What are your access patterns like?

I have some ideas that I'm testing currently.

1. Dan and Håkan have written a module in mnesia called
   mnesia_frag.erl. It's wholly undocumented, except for the
   source, but it seems to work really well. The idea is that
   you can treat a number of regular mnesia tables as fragments
   of a larger table. Operations on the "base table" access
   the appropriate fragment based on a hashing function on
   the key. Fragments are distributed evenly across a pool
   of processors.

2. I have written (but not tested much yet) a modified
   mnesia_frag that also supports static distribution of
   fragments using a callback function to identify each
   fragment instead of using a hash.

3. One could imagine splitting a very large disc_only table
   into several smaller fragments, even on a single node
   system. This wouldn't be of much use if the fragments are
   replicated, and the application requires the tables to be
   fully synched before they can be used (I've found this to
   be a logical way to do things in real systems.) When synching
   replicas, mnesia will read all objects into memory and pass
   them to the other node in regular Erlang messages. This is
   done for one table at a time.

4. Onto my most recent experiment: I've modified mnesia to
   load a configurable number of tables in parallel. This
   gave particularly good results on many disc_only_copies
   (in one test, I reduced the startup time by half.)
   In combination with (3) above, this might be of some
   help to you. I also wouldn't mind assistance in verifying
   that my patch doesn't jeopardize stability.

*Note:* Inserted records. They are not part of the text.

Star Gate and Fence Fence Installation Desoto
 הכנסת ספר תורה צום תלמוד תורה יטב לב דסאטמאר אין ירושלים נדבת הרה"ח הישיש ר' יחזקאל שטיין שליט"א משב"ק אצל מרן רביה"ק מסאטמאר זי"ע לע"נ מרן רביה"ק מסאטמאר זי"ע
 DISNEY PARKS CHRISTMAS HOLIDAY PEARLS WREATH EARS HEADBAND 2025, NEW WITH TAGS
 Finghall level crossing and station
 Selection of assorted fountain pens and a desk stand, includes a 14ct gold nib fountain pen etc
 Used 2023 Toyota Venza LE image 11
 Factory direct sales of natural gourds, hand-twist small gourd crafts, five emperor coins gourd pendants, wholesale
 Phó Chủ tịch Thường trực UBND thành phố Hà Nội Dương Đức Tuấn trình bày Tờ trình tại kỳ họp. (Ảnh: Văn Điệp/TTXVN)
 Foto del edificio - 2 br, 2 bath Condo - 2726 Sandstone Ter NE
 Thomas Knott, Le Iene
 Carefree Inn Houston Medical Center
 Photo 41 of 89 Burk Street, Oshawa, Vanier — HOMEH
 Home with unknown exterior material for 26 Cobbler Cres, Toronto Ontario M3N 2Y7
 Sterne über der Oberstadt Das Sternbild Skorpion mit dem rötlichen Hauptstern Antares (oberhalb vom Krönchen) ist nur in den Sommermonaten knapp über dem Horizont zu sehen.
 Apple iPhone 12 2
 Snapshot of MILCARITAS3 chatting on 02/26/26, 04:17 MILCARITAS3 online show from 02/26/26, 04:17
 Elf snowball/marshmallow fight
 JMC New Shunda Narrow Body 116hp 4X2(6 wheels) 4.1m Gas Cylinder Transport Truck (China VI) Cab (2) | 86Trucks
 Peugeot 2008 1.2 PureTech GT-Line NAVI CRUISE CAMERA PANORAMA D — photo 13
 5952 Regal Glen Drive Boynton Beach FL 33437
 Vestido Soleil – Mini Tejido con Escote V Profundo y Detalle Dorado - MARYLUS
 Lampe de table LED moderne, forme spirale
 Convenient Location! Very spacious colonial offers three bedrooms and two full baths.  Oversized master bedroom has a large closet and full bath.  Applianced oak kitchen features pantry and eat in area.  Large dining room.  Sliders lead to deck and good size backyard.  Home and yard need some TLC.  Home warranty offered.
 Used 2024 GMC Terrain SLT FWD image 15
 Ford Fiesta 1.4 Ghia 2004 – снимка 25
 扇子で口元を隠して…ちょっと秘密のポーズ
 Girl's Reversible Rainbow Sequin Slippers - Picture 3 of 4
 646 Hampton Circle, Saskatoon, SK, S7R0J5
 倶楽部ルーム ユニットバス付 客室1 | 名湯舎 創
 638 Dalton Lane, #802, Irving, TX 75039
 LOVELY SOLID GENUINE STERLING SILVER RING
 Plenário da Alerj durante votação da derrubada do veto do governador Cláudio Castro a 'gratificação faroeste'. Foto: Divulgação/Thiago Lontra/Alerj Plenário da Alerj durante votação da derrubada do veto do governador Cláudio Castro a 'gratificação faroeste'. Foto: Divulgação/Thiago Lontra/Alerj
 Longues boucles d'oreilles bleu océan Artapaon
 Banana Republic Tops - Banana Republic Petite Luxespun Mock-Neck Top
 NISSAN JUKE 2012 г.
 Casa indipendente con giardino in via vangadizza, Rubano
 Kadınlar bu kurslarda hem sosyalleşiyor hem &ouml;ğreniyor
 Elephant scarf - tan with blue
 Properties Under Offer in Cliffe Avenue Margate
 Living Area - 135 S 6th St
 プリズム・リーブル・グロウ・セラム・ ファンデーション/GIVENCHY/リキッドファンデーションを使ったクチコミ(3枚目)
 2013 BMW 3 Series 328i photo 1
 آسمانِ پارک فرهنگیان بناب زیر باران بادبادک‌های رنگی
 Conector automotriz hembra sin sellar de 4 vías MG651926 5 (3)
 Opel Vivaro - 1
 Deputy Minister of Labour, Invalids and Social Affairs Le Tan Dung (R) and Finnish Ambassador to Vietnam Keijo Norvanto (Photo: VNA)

As a side note, disc_only_copies shouldn't be read into memory,
but if they are replicated, they are. Mnesia will always copy the
entire table (the most current copy) to the other nodes, by
traversing the dets file and sending the objects to a receiver on
the other node (aggregated into 8K chunks). There is some
tremendous optimization potential here (perhaps the next
experiment, but it's a non-trivial problem to solve...)

/Uffe
(These are not official statements of the mnesia team. ;)
-- 
Ulf Wiger, Senior Specialist,
   / / /   Architecture & Design of Carrier-Class Software
  / / /    Strategic Product & System Management
 / / /     Ericsson Telecom AB, ATM Multiservice Networks